When systematically planned and implemented, responsible tourism enterprise contributes not just substantially to GDP, but also to the informal economy. At least 70 to 80% of tourism economic activity is accounted for by small businesses. Developed responsibly, tourism can make better places for people to live as well as better places for people to visit – whether for business or pleasure or both and delivers independent supply of goods and services.
On many occasions, small-scale tourism initiatives have been developed by NGOs with no business or market experience. There has been an assumption that if a product is developed the tourists will come. The failure of this model has resulted in deep cynicism about the viability of small-scale tourism as a strategy for incentivising conservation (just as the failure of many other so-called ‘alternative livelihood’ projects has.
This project has demonstrated, however, that small-scale tourism enterprises can be developed sustainably – as long as they are demand - not supply-driven and based on sound business principles. The experiences documented in this project demonstrates that the development of these small enterprises has induced a sense of worth, a sense of recognition and a degree of economic independence. This, in turn, contributes substantially to livelihood change and poverty reduction.
Our strategy has been not to develop primary tourism attractions such as community-based gorilla tracking but rather to focus on indirect tourism-related economic activities that are supplementary to day-to-day livelihood activities, can achieve substantive and substantial economic empowerment and provide added value by inducing forward linkages to downstream sectors. Diversifying the product base -underpinned by capacity development to deliver those products - reduces risk of market failure and, thus, underpins the sustainability of development. The results documented here have been life-changing for some participants.
It is too early to reflect on the importance of certification as a mechanism to enhance both livelihoods and conservation – time will tell if the enterprises are able to meet the standards of the Gorilla FriendlyTM certification and what difference this makes to them. But the experience with the Forest Friendly badge that was used to distinguish products that had resulted from the projects demonstrated power of labelling as a marketing tool – whether or not accompanied by a standard. The enterprises certified will be supported in advanced marketing of the products locally and through a dedicated website, while audits – for new and existing entities – will be conducted at least annually with the intent of developing a robust network of competent auditors. With the pilot in Bwindi, the audits will be expanded to around Mgahinga Gorilla National Park, Uganda, as well as Volcanoes National Park, Rwanda, and Virunga National Park, DRC, in subsequent years.

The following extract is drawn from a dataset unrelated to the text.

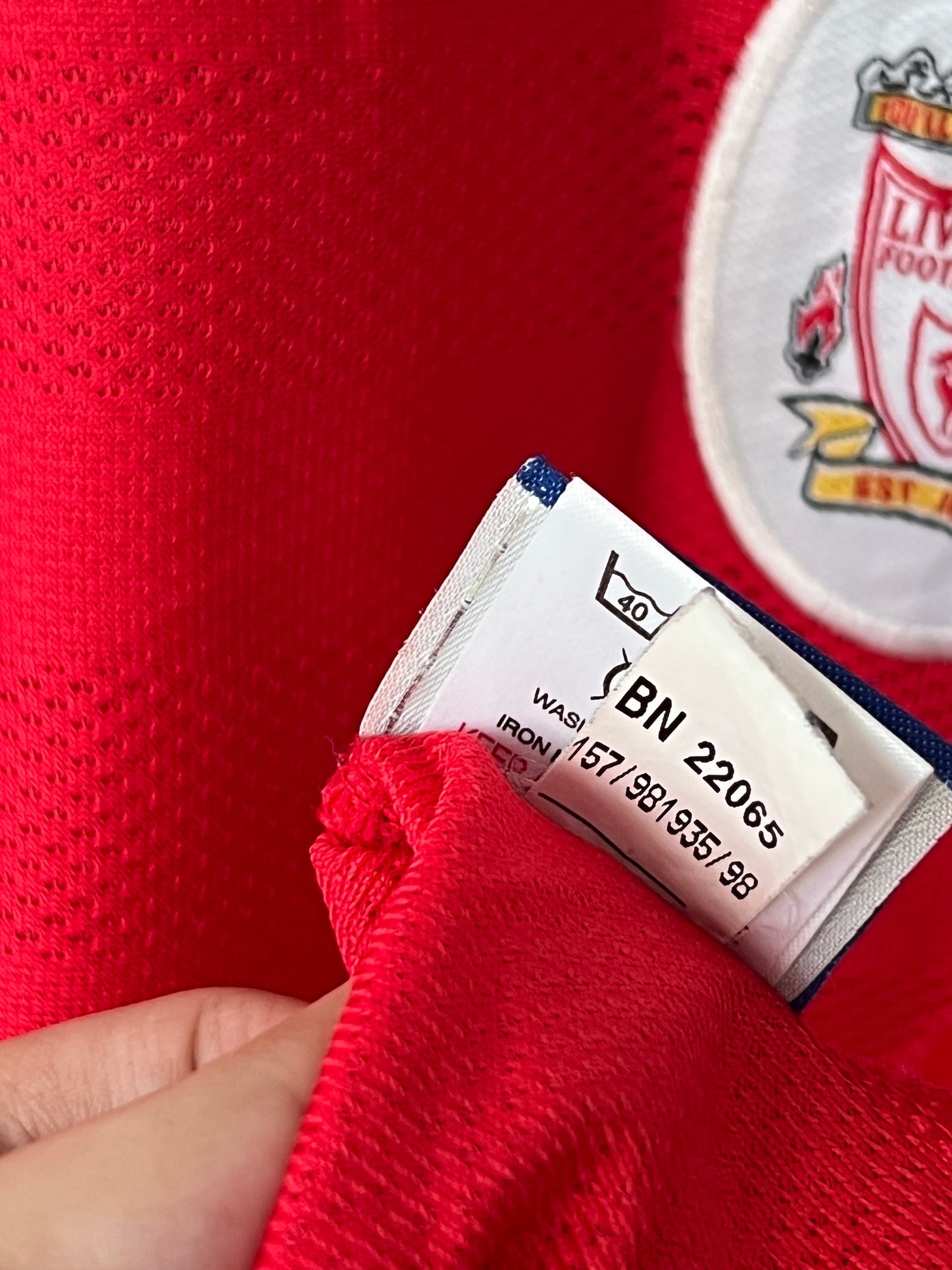 (L) Liverpool 1998-00 Home Shirt Gerrard #28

In terms of wider upscaling of the project, we hope that the example shown here can be replicated elsewhere both in Uganda and beyond. Within the project area further support is needed to take these enterprises to the next level of development – including business planning, marketing and financial management skills. Support is also needed to keep communications open between the lodges and producers, ensuring continuity of supply and maintenance of standards. Elsewhere in Bwindi, and around other national parks, emerging small enterprises would benefit from the same type of capacity.